- BRIEF: Among the lines below, keep only those from the one containing "جامعه شناسی دهم" through the one containing "パン 菓子パン D424 三角チーズサンドパンプレミアム4個", and reproduce them exactly.

- DATA IN THIS EXERCISE:
:::

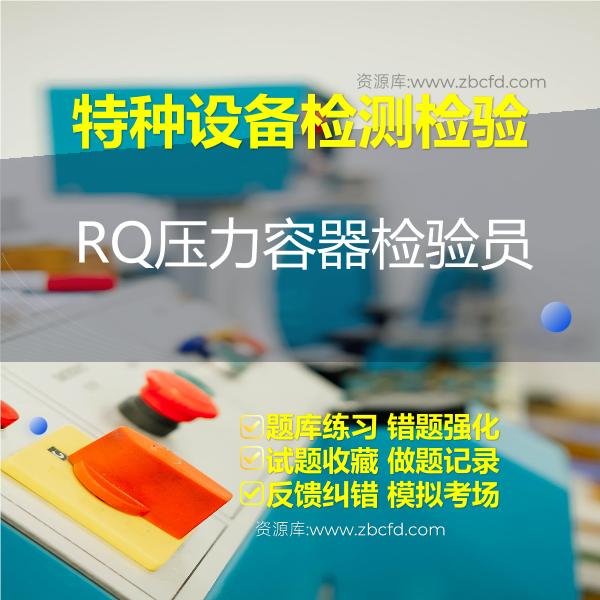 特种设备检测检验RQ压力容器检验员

:::

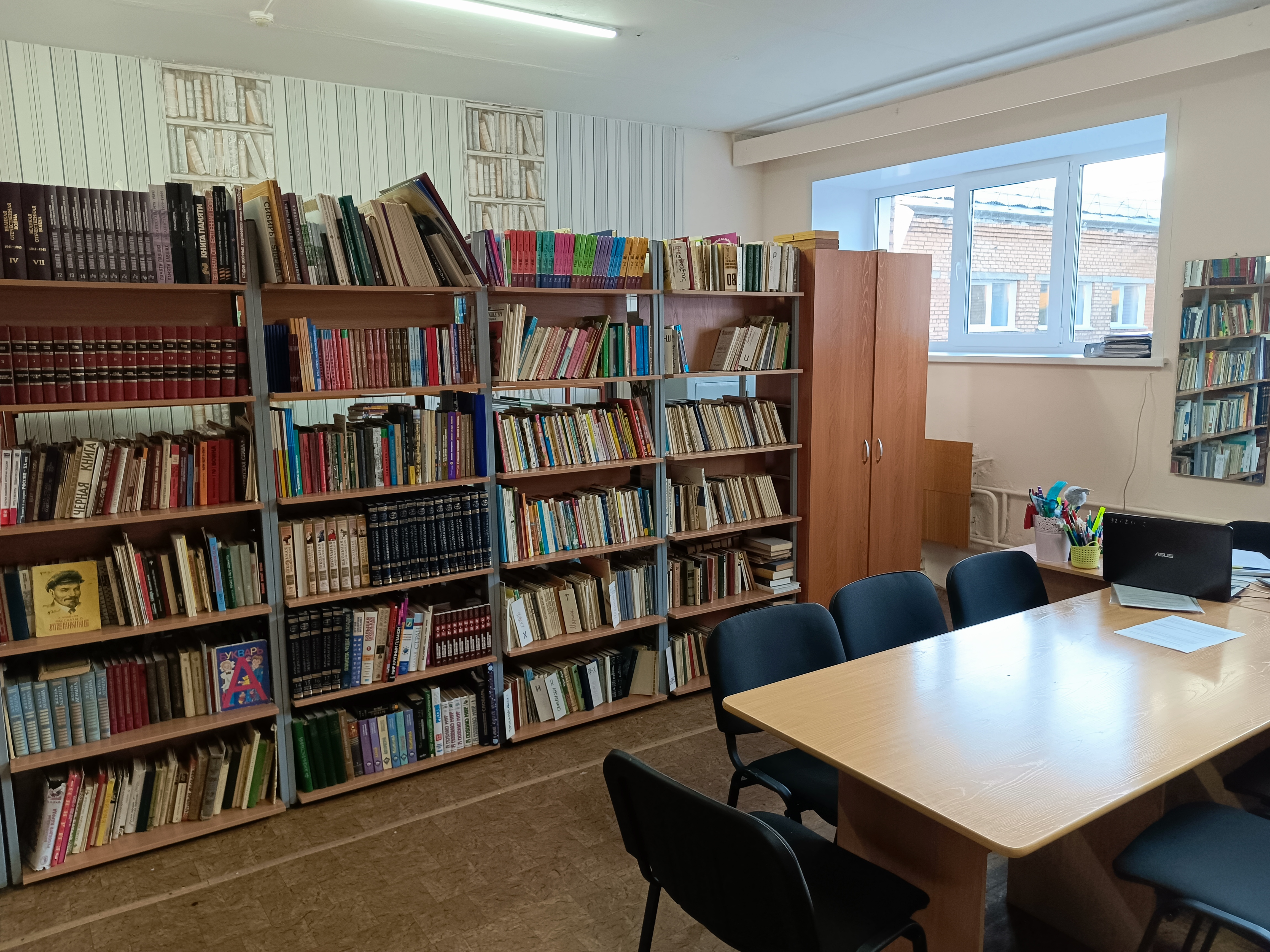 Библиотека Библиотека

:::

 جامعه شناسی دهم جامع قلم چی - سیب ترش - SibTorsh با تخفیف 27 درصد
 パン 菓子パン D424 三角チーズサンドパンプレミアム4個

:::

- RESPONSE BELOW:
 جامعه شناسی دهم جامع قلم چی - سیب ترش - SibTorsh با تخفیف 27 درصد
 パン 菓子パン D424 三角チーズサンドパンプレミアム4個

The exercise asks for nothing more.